■ **Activity**:
Set down every entry word for word. Omit the pictures.

■ **Extracted information**:
====================
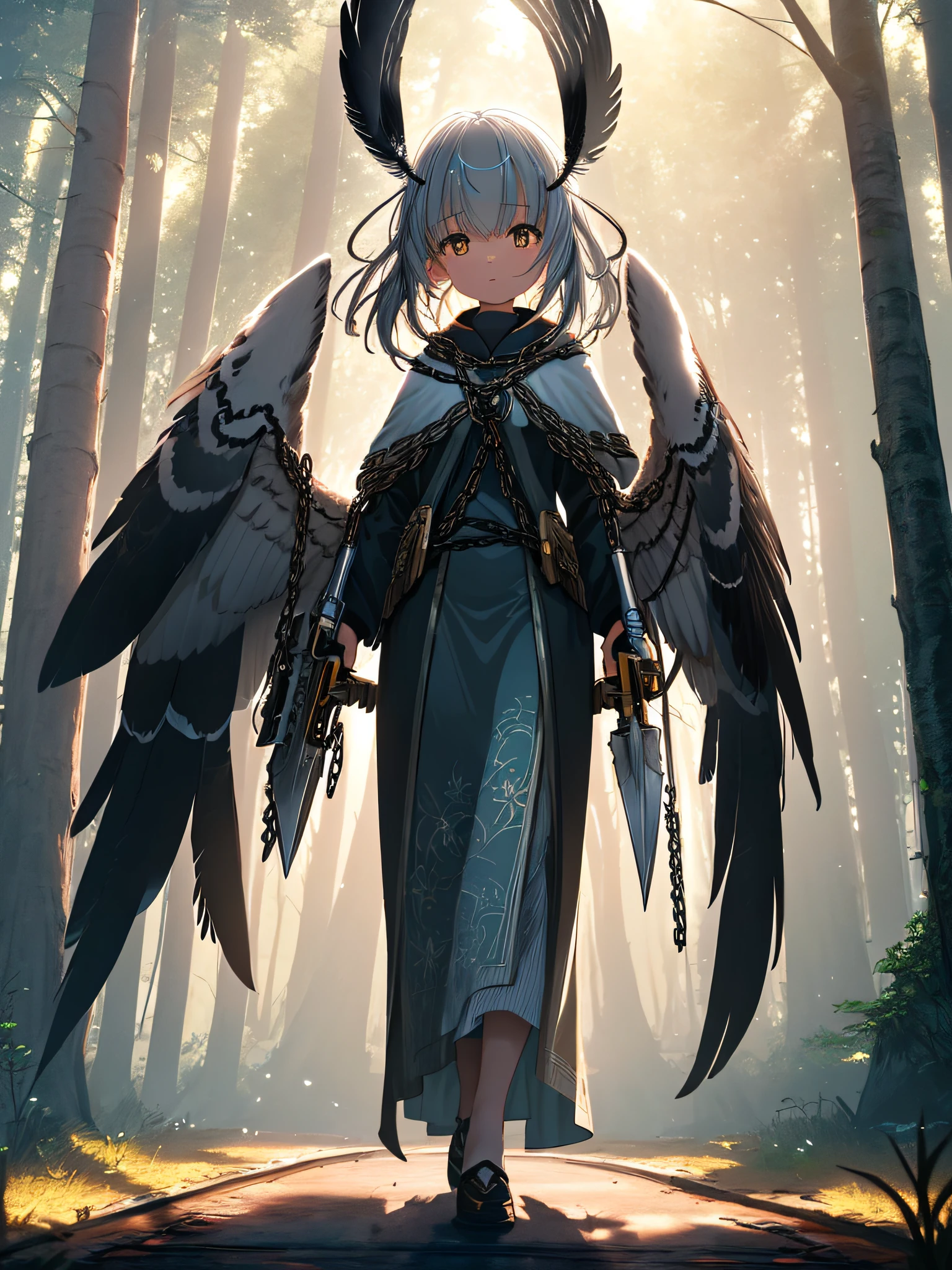 (extremely detailed CG unity 8k wallpaper, masterpiece, best quality, ultrarealistic),(best illumination, best shadow, extremely delicate and beautiful), floating, an owlin cleric,(black feathers:1.1+chain weapon:1.2), in the twilight forest.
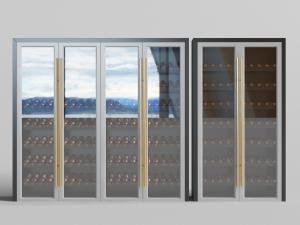 现代玻璃柜门的红酒柜3d模型 现代玻璃柜门的红酒柜
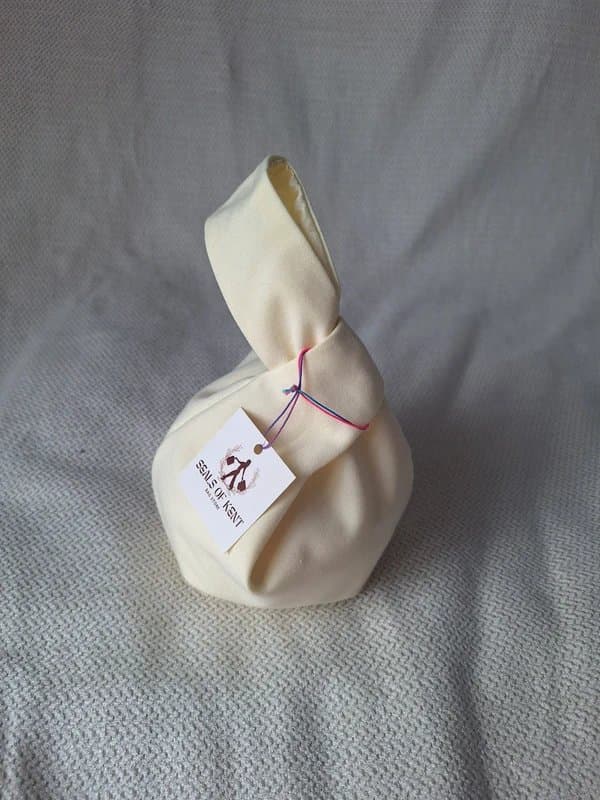 Seals of Kent Seals of Kent Cream Cotton and Satin lined Japanese knot bag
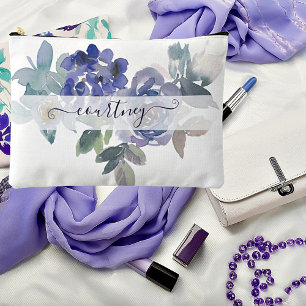Pochette À Accessoires Fleurs aquarelles personnalisées bleues et vertes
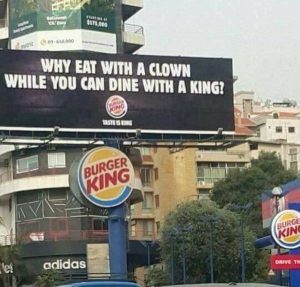 Burger King Tagline targeting McDonald's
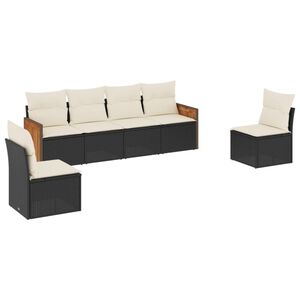 vidaXL Salon de jardin 6 pcs avec coussins noir r&eacute;sine tress&eacute;e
====================
■ **Response area**:
 (extremely detailed CG unity 8k wallpaper, masterpiece, best quality, ultrarealistic),(best illumination, best shadow, extremely delicate and beautiful), floating, an owlin cleric,(black feathers:1.1+chain weapon:1.2), in the twilight forest.
 现代玻璃柜门的红酒柜3d模型 现代玻璃柜门的红酒柜
 Seals of Kent Seals of Kent Cream Cotton and Satin lined Japanese knot bag
Pochette À Accessoires Fleurs aquarelles personnalisées bleues et vertes
 Burger King Tagline targeting McDonald's
 vidaXL Salon de jardin 6 pcs avec coussins noir r&eacute;sine tress&eacute;e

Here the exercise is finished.